◆ **Exercise**: The data below holds a line containing "リネンライク2wayワンピース" and a line containing "[POP-UP] My S-Class"; please quote exactly those two lines and every line between them, and nothing else.

──────── Information shown ────────

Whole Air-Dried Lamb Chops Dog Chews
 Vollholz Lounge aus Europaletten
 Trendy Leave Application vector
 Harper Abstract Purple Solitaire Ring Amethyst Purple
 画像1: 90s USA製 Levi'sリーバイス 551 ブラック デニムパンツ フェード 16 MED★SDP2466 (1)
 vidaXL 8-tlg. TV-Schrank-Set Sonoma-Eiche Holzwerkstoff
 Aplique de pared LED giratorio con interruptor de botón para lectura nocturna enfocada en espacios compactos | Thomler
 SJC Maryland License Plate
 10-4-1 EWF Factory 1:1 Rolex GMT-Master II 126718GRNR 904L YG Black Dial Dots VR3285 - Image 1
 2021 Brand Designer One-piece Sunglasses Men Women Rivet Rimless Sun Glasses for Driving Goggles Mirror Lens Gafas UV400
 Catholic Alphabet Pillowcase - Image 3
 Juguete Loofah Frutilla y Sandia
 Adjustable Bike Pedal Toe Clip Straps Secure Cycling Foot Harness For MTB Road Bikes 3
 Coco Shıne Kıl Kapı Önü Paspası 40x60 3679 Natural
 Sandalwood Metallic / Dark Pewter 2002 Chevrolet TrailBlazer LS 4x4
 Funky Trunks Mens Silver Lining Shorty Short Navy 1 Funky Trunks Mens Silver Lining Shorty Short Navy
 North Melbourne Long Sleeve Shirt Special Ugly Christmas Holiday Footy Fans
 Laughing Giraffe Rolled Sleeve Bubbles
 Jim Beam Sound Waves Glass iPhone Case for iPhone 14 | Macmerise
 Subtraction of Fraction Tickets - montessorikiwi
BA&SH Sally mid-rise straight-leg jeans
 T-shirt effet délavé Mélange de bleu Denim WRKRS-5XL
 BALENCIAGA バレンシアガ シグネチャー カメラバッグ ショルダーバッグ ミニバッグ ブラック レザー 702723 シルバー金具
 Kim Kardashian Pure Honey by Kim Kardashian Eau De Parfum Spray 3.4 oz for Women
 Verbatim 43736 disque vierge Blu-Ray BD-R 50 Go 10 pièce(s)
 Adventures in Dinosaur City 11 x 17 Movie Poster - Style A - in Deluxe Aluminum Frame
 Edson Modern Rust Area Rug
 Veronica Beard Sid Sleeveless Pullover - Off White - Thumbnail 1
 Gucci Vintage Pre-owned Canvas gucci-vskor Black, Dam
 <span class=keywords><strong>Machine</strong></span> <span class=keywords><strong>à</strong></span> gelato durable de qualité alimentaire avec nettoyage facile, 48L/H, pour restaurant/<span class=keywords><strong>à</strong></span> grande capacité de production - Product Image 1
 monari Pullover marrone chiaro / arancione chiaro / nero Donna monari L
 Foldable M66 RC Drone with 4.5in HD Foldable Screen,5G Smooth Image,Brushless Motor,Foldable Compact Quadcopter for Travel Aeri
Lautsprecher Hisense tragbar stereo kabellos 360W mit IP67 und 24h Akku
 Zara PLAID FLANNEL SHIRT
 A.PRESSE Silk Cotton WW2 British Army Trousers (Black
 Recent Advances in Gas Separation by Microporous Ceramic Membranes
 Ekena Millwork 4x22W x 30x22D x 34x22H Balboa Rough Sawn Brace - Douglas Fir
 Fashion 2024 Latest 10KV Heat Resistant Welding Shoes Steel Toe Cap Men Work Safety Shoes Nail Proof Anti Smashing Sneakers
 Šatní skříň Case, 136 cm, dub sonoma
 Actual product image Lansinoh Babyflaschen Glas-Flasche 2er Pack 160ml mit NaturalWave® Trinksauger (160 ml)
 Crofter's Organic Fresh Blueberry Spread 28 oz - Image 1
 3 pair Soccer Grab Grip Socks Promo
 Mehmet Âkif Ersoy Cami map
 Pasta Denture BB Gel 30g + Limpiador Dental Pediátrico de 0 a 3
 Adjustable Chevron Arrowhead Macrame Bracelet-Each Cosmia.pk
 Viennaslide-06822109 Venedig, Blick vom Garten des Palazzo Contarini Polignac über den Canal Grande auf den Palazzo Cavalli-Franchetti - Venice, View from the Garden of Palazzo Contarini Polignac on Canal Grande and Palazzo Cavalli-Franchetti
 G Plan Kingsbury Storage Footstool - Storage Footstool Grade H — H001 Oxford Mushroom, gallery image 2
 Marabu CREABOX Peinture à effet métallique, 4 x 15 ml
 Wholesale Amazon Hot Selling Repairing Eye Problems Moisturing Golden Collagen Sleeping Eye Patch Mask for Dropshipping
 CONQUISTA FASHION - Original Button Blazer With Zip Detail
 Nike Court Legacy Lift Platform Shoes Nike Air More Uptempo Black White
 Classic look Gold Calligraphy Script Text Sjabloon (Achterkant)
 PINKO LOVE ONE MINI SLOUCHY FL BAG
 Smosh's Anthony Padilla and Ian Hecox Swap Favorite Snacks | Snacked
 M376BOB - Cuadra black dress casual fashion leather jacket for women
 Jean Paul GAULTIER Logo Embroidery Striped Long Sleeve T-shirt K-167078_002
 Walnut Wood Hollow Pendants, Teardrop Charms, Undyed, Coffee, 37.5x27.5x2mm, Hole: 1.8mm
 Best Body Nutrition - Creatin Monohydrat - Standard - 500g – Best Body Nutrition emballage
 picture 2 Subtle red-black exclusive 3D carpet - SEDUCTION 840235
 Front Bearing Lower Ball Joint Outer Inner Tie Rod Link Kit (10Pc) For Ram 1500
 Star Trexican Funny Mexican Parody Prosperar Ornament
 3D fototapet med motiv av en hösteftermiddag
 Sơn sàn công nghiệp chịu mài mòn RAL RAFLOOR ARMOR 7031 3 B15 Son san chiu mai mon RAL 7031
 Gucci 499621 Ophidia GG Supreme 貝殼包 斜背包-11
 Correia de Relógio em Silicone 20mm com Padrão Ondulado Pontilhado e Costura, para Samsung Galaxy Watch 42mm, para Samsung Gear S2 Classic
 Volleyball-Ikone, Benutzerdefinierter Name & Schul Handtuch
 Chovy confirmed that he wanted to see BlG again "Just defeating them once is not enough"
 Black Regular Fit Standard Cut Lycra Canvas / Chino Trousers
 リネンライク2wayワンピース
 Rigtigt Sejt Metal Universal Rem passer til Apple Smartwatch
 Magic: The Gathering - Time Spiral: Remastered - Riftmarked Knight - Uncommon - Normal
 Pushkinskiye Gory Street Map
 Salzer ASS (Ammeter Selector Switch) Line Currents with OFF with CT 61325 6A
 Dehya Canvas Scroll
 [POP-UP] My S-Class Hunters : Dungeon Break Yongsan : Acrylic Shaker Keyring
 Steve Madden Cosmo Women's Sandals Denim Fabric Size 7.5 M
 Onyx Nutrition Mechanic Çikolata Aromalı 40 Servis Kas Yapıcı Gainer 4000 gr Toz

────────

◆ **Solution for this problem**:
 リネンライク2wayワンピース
 Rigtigt Sejt Metal Universal Rem passer til Apple Smartwatch
 Magic: The Gathering - Time Spiral: Remastered - Riftmarked Knight - Uncommon - Normal
 Pushkinskiye Gory Street Map
 Salzer ASS (Ammeter Selector Switch) Line Currents with OFF with CT 61325 6A
 Dehya Canvas Scroll
 [POP-UP] My S-Class Hunters : Dungeon Break Yongsan : Acrylic Shaker Keyring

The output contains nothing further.